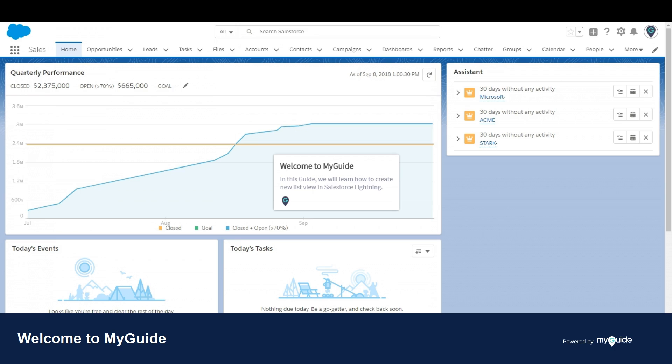Welcome to myguide.org. In this guide, we will learn how to create a new list view in Salesforce Lightning.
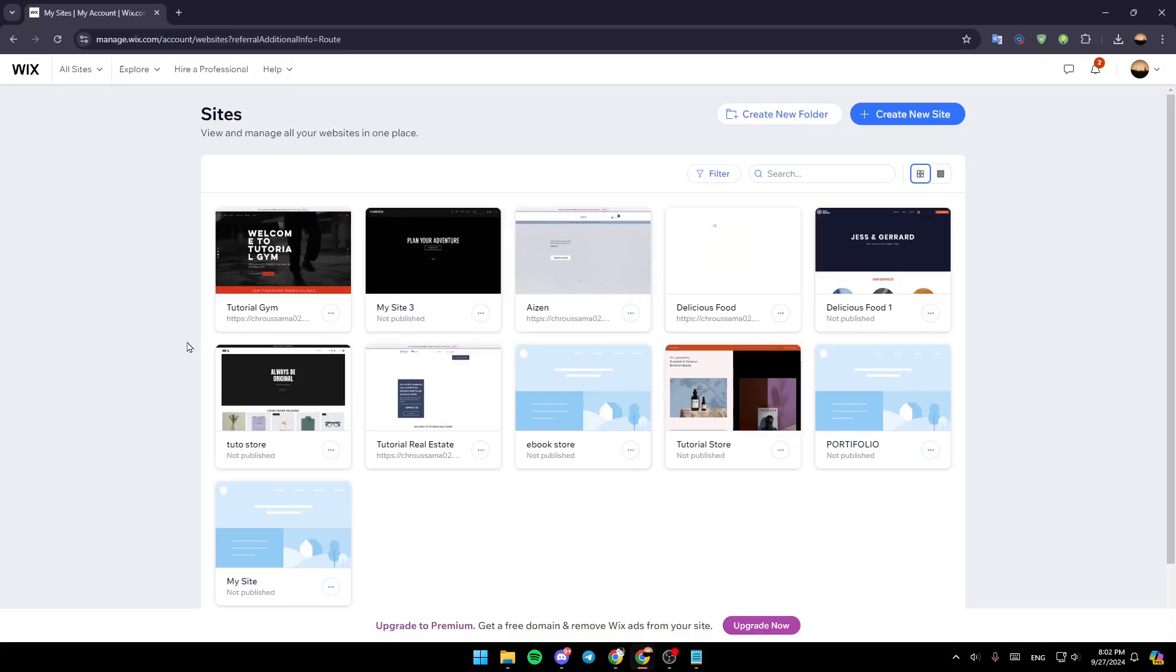Hello everyone and welcome back to a new video. In this video, I'm going to show you guys how you can upgrade your Wix plan. So if you guys want to learn how to do it, just follow the steps that I'm going to show you.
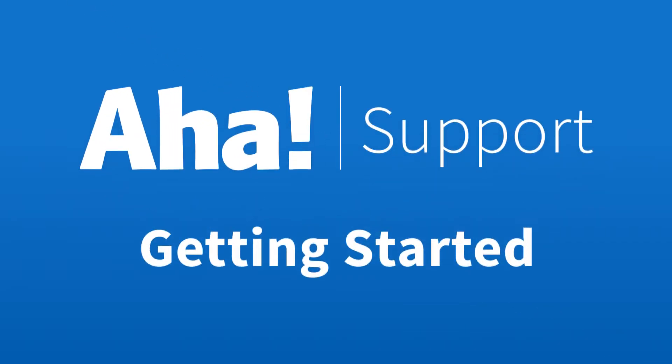Hi, this is Claire from Aha! Today I'm going to show you how Aha! will help you set strategy, prioritize work, and create visual roadmaps. Let's get started!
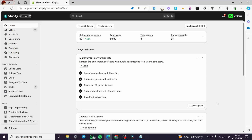How to customize the default collection page in Shopify. Hello guys and welcome to this new tutorial. Today I am going to show you how you can customize your collection page in Shopify. It is very easy and very simple. All you have to do is follow the tutorial from the beginning to the end. The first thing you need to do is go to Shopify.com and sign into your account. If you don't have one, it is very easy to create.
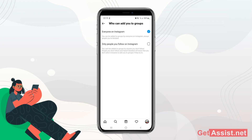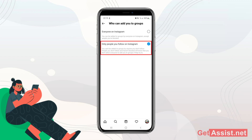If you do not want everyone to add you to any group chat on Instagram, you can simply set it to 'Only People You Follow on Instagram.' That's the only change you need to make to your settings, and after this only the people you follow will be able to add you to group chats.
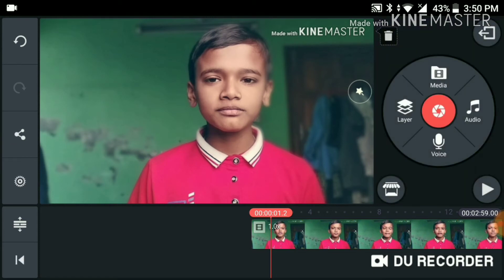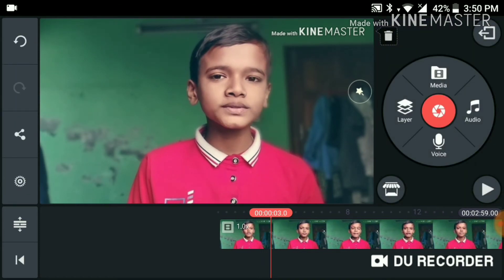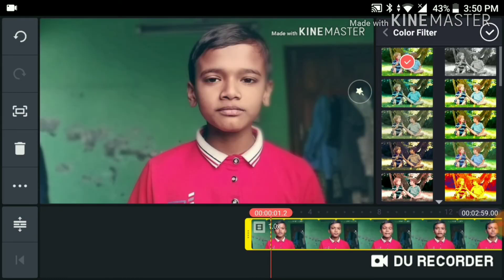So we can click the color filter to click the color filter as well. So in the video we will see how we are using the Android phone to click the link and click the video.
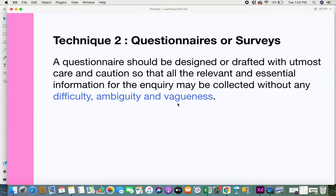When drafting or designing a questionnaire, you need to be very careful. The questions you ask should be really relevant and should collect the essential information you need for your inquiry. Avoid unwanted or out-of-scope questions. Also avoid questions with difficulty, ambiguity, and vagueness, since questionnaires tend to surface questions only at the abstract level rather than going into specifics and details.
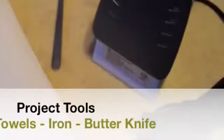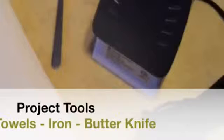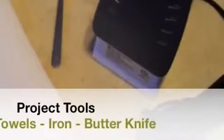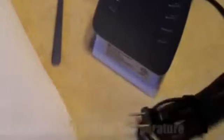For this project you'll need paper towels, a standard iron, and a butter knife.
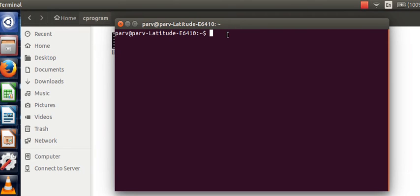you can use a command called help to get the details related to any command in Linux. For that purpose, simply type in a command like for instance I want help related to ls space double hyphen followed by help.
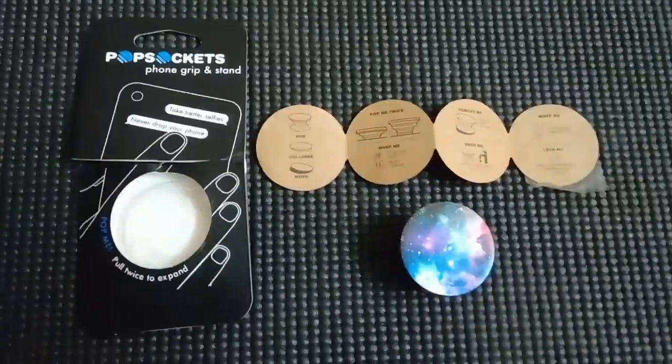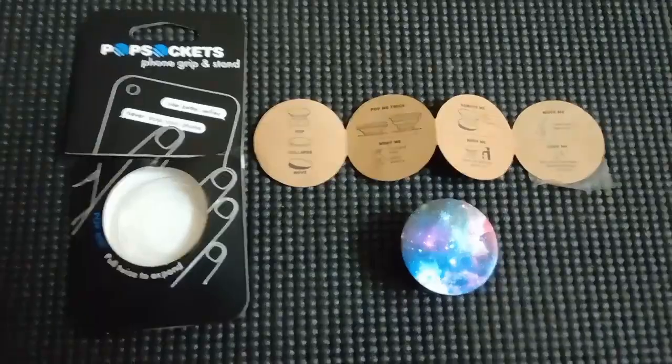Thank you guys, this was the review. I have attached this PopSocket on my phone. Please have a look at how stunning it looks.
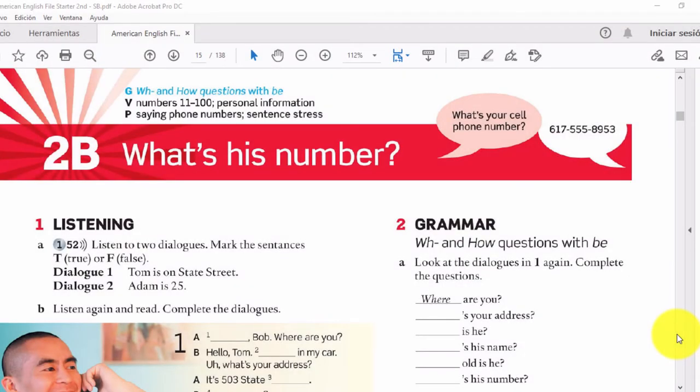Hi everyone, welcome to the English class. In this lesson we'll learn about word questions with the numbers 11 to 100, personal information, phone numbers, and sentence stress. En esta lección vamos a formular preguntas ya no solo utilizando el verbo to be, sino palabras de pregunta. Por ejemplo, what's your cell phone number? Esa pregunta está iniciando con una palabra de pregunta.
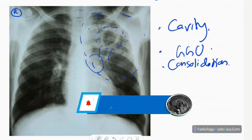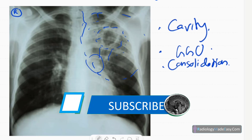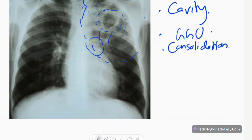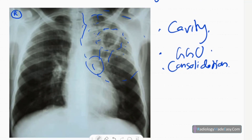The right lung field is expanded, which can be compensatory. A slight deviation of the trachea is seen to the left side, denoting slight volume loss in the left upper zone region. No cardiomegaly, no pleural effusions, no pneumothorax, and the right paratracheal stripe is normal.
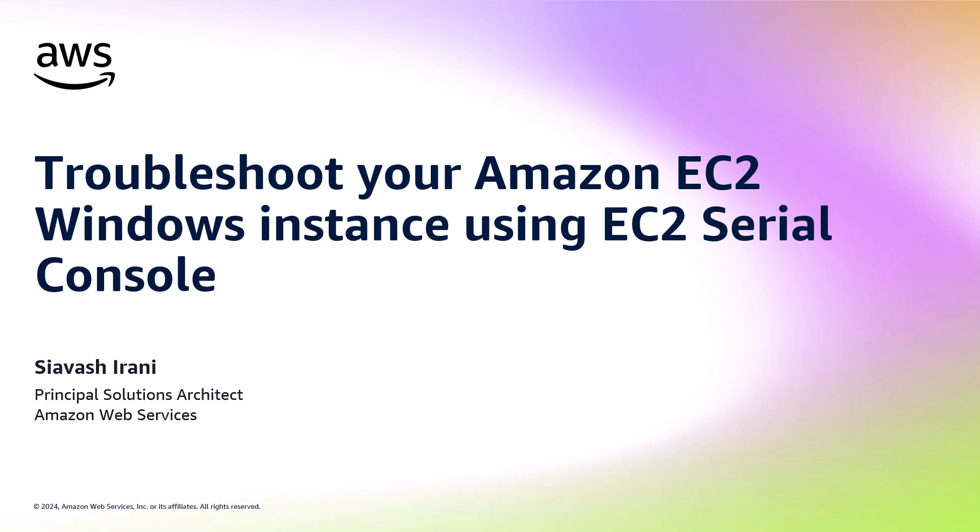Hello, my name is Siavash Irani, a solutions architect here at AWS, and in this video, I'm going to show you how you can troubleshoot your Amazon EC2 Windows instances using EC2 Serial Console.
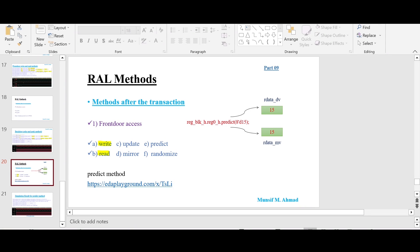Hello and welcome. In the last video we had a discussion about the write and read method from the front door access side, and we discussed the poke and peek method from the back door access. In this video I will be talking about the predict method.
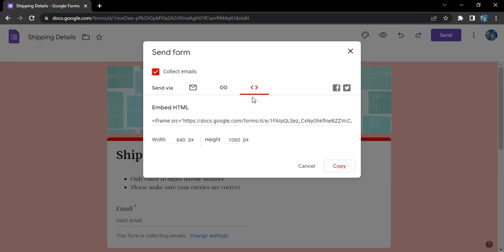Last but not the least, we have the embedding option. This basically gives you a code that you can embed, the HTML code which is an iframe tag. You can embed this in your site and whenever any person visits your site, they will see this form, they can fill it, and you will be getting all the responses.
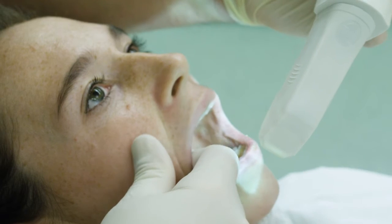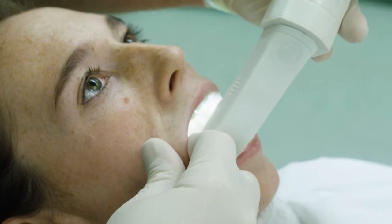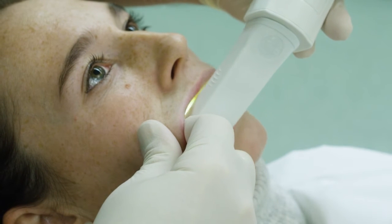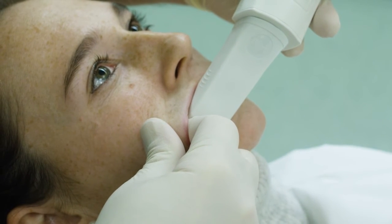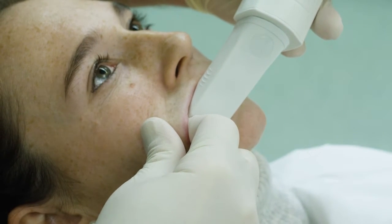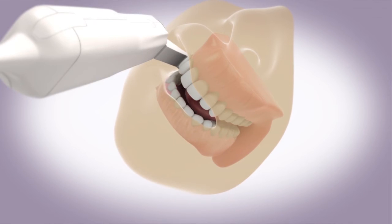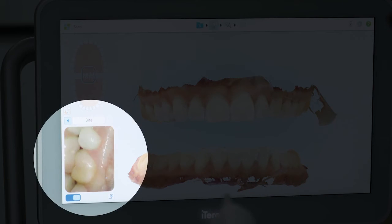To scan the bite, have the patient open, retract the cheek with the wand, and have the patient close in tight centric occlusion. Place the wand against the teeth and center the occlusion in the viewfinder.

============================================================

• TASK TO CARRY OUT: Print the lines from the one that contains "Thank you guys, this" through the final line of the material above, exactly and only those, with pictures left out.

• EXERCISE SOLUTION:
Thank you guys, this was the review. I have attached this PopSocket on my phone. Please have a look at how stunning it looks.
Hi everyone, welcome to the English class. In this lesson we'll learn about word questions with the numbers 11 to 100, personal information, phone numbers, and sentence stress. En esta lección vamos a formular preguntas ya no solo utilizando el verbo to be, sino palabras de pregunta. Por ejemplo, what's your cell phone number? Esa pregunta está iniciando con una palabra de pregunta.
The right lung field is expanded, which can be compensatory. A slight deviation of the trachea is seen to the left side, denoting slight volume loss in the left upper zone region. No cardiomegaly, no pleural effusions, no pneumothorax, and the right paratracheal stripe is normal.
Hello, my name is Siavash Irani, a solutions architect here at AWS, and in this video, I'm going to show you how you can troubleshoot your Amazon EC2 Windows instances using EC2 Serial Console.
Hello and welcome. In the last video we had a discussion about the write and read method from the front door access side, and we discussed the poke and peek method from the back door access. In this video I will be talking about the predict method.
Last but not the least, we have the embedding option. This basically gives you a code that you can embed, the HTML code which is an iframe tag. You can embed this in your site and whenever any person visits your site, they will see this form, they can fill it, and you will be getting all the responses.
To scan the bite, have the patient open, retract the cheek with the wand, and have the patient close in tight centric occlusion. Place the wand against the teeth and center the occlusion in the viewfinder.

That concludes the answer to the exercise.